1. Language things here are
generally fantastic. I still think it’s ridiculous that I can travel so far and
still interact and chat with almost everyone I come into contact with. However,
there are always a few unexpected problems. For example, one comes from “It’s
okay” (as in “Would you like a soda?” – “It’s okay”) which here means yes. This
problem is exacerbated by “It’s okay” being a common and catchy thing to say so
there’s this urge to use it. People here are outrageously good at languages;
most think nothing of the fact that they can talk 5 different languages
completely fluently. Entertainingly, speakers will sometimes move to the
language the translator is using if it expresses an idea better and the
translator will move seamlessly to mirror the move. The local equivalent of
Paul is Paulo. However, introducing myself as ‘Paulo’ always fails due to my
accent being “very heavy” which leads to me reverting to ‘Paul’ and them then
saying ‘Paulo’ at which I say then again say ‘Paulo’. They still fail to see
the connection between the two words. Trying to make a joke about it sounding
Italian does not work even if serious time is committed to a detailed,
geographical explanation.
2. Ugandan money is funny.
Firstly, it’s fantastically colourful with a great mix of gold, red, purple,
green, blue and yellow. It’s like having a rainbow in your wallet. Then there is
the scandalous number of zeros at the end of things to keep you on your toes, but
I’ve slowly gotten used to spending TWO THOUSAND shillings on a coke. Still, things
do get confusing cause sometimes you’re comparing how much a UK
equivalent costs and sometimes how much a Ugandan equivalent costs. To keep
things grounded, I use the helpful metric of chapattis (= 500 shillings). No
matter how tasty or posh a meal is, it surely can’t ever be better than 40
chapattis? I used to use pineapples (which have a more constant marginal
utility) but there were large seasonal price fluctuations which made it tricky.
3. People here have an
inexhaustible love of giving speeches. Some of this comes from spontaneous love
and enthusiasm, some from the fact that there are unspoken rules about every
event (guests of honour must always be introduced and allowed to address
everyone, even at a party), and some from a love of talking for the sake of
talking (something I obviously know nothing about). One speech can contain
several topics loosely related (or unapologetically unrelated). Thankfully,
people here have phenomenal reserves of patience that help them deal with this
and also with unfathomably long waits in a taxi waiting for one more person to
join the next piece of the journey. If there were some way to monetarise this
skill, people here would be loaded.
4. The difference between the dry
and wet season is as stark as the names suggest and there’s no little medley of
previous seasons within each season that England
offers. People here have a hilariously small bracket of acceptable
temperatures. A day can often begin too cold and then quickly become too hot. Coats
and jumpers are donned to deal with the first and then fans used to combat the
second. The dry season is very very dusty (as well as being dry) which is
wonderful when combined with the seasonal sweatiness. The road I walk to work
has about 1cm of dust (it does! Well, at least at the edges… It’s like snow but
less exciting and less enjoyable) on which would mean that I arrived pleasantly
bathed in sand were it not for the lorry that has usually gotten stuck blocking
the road and meaning no major traffic uses the road that day.
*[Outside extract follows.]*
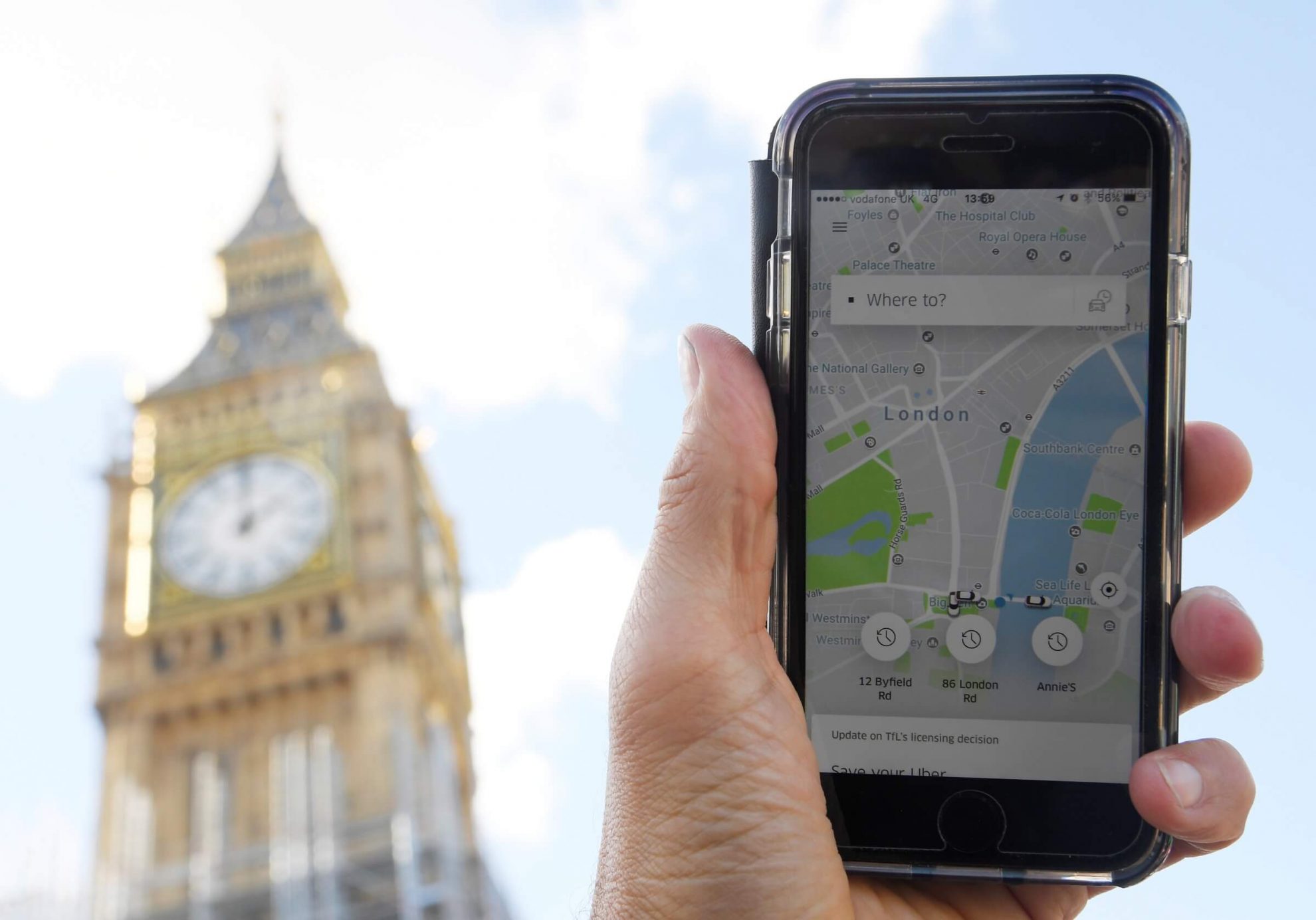 Maždaug 40 tūkst. Londono „Uber“ vairuotojų nuo spalio turės ieškotis kitos veiklos.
5. Being smartly dressed is
always good. Being in town without a shirt on is almost sacrilegious. There’s
not really a “I’ve just taken a break from some manual job to buy something
quickly” excuse; you’re supposed to bathe, change into a shirt (plus a belt and
ideally a tie) and then pick the thing before changing back again. Similarly cleanliness
can be found in the most unexpected places. You can get around town on a motorbike
taxi for 12.5p if you’re feeling particularly aggressive in your negotiating,
yet these bikes will almost always be spotlessly clean. Even if the outside of
a house is filthy, you can be sure the inside will be well swept and neatly
presented. Basically, if something is privately owned, it’ll be tidy and clean;
if it’s a public space or road, you won’t be so lucky.
6. Ugandan food has some
wonderful highlights (cooking things with charcoal is often amazingly tasty). Food
at most places is ideal and special function food is fantastic. Basically you
get a bit of all the good stuff which makes all of them better. However, it does
also have some problems. Most things typically contain oil. It’s often sneakily
snuck into things you thought might have been healthy like cabbage, beans,
rice… anything, it’s got oil in it. Also, bread here is not great. Memories of
Sainsburys Basics bread are now very precious to me.